### Supplied material:
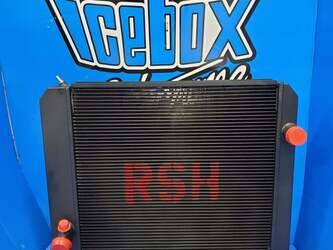 صورة ل Radiator - Aluminum انترناشونال مستعملة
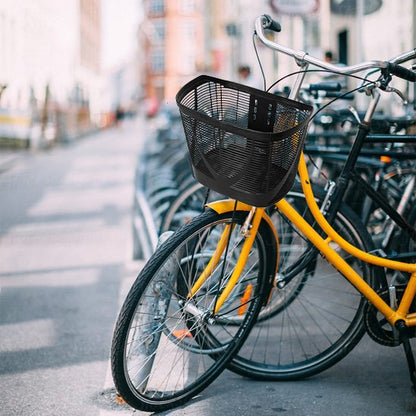 vélo panier sur vélo jaune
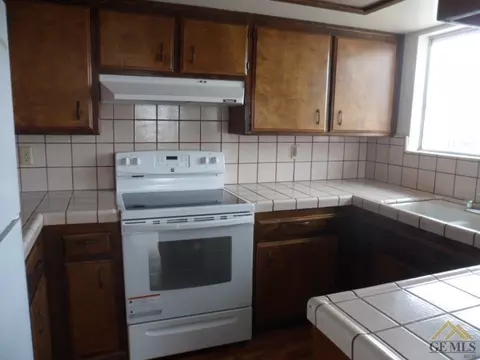 501 E St, Taft, CA 93268 photo 10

### What is needed:
Without including any pictures, print all of the material exactly as given.

### Result:
 صورة ل Radiator - Aluminum انترناشونال مستعملة
 vélo panier sur vélo jaune
 501 E St, Taft, CA 93268 photo 10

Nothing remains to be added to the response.